One of my favorite activities is to pick a random dictionary page and browse the words and select a word that I am simply drawn to. I repeat this, and list each word to create a list of juxtaposed words. It is almost like found or Surrealist poetry. I find the strange juxtaposition of words rather fascinating. So, the pages are selected randomly, but I conscientiously pick the words based more on immediate reaction.

The list of words on the left page of this two page spread, was done this way. This spread was created by layering pencil and pen drawing, writing, watercolor pencil, and watercolor. The photograph is a packaging tape transfer of actress Hedy Lamarr. More about that technique in a future post.

Words

For us the thing that separates the visual journal from a sketchbook or art journal is the inclusion of written language as an integral and visual element. The visual journal is the melding of the visual and verbal languages. Words help us to reflect on life and art. They help us process the good, the bad, and mundane of life. Words provide the impetus for thought and reflection. Words help us express ourselves, our intentions, and our feelings. Words provide meaning. Words are powerful.

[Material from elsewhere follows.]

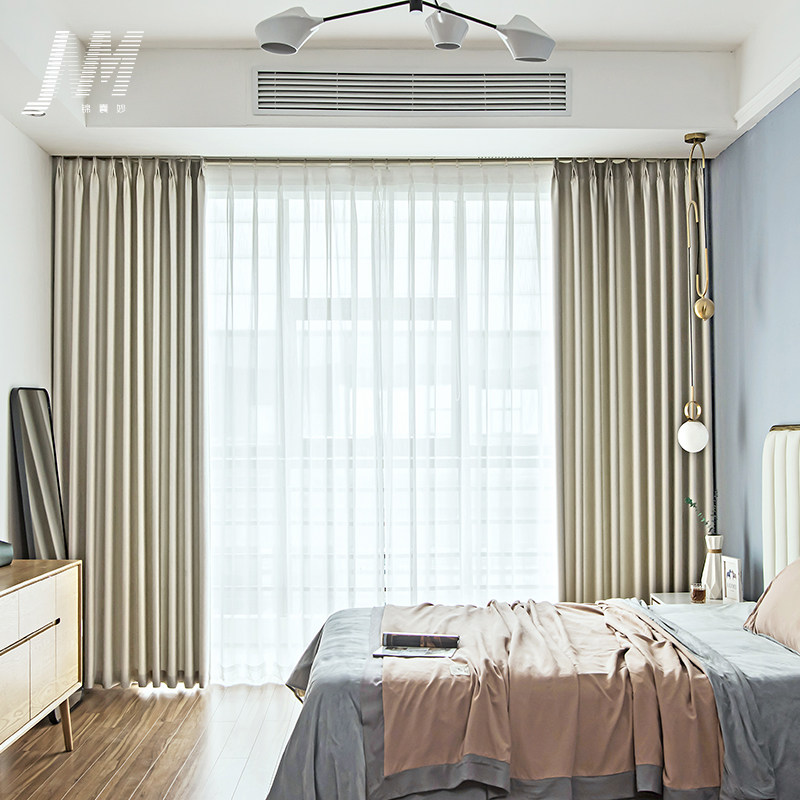 JXJ full blackout electric curtains New Chinese Nordic simple light luxury curtains Living room Bedroom bay window Floor-to-ceiling occlusion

Beginning visual journalists often have a hard time mixing the written and visual. Below are some easy ways to get words, thoughts, text, writing, reflections, and such into the art and, thus, creating rich pages.


1. Random Words - Pick random words from a dictionary, book, newspaper, magazine, or thesaurus. Write, draw, or stencil the word large on a page.

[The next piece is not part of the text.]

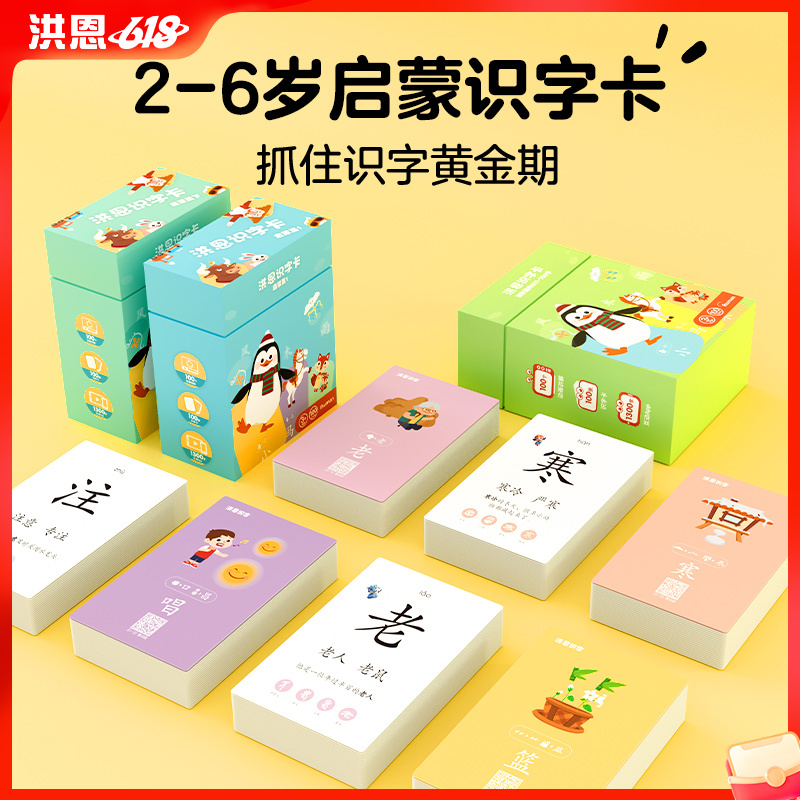 【99元选3】洪恩识字卡 集识字、识图、听音、动画于一体的多功能识字卡 与识字APP搭配（可点读）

2. Stream of Consciousness - Write uninterrupted for 7 minutes or 15 minutes or a half hour. Write directly in the journal or on a separate piece of paper. Maybe highlight key words and phrases.


3. Quotes
- Find great quotes, and use them to spark a page.


4. Stencils
- Letter stencils are a quick and easy way to draw words.


5. Cut Words
- Look for big words and phrases in newspaper and magazine headlines. Cut them out an collage them into the journal. Or cut individual letters and collage them in "ransom letter" style.


6. Lists
- Make lists - shopping lists, to-do lists, favorites lists, places-to-go lists, if-I-had-a-million-dollars lists, etc.


7. Prompts
- Pick themes to write about such as "I believe..." "I don't believe..." "I want..." "I need..." "Today I feel..."


8. Found Poetry
- Pick random words from a source and form them into a poem.


9. Printed Text
- Print writings, instructions, or information from the computer, or photocopy book and magazine pages, and glue into a page.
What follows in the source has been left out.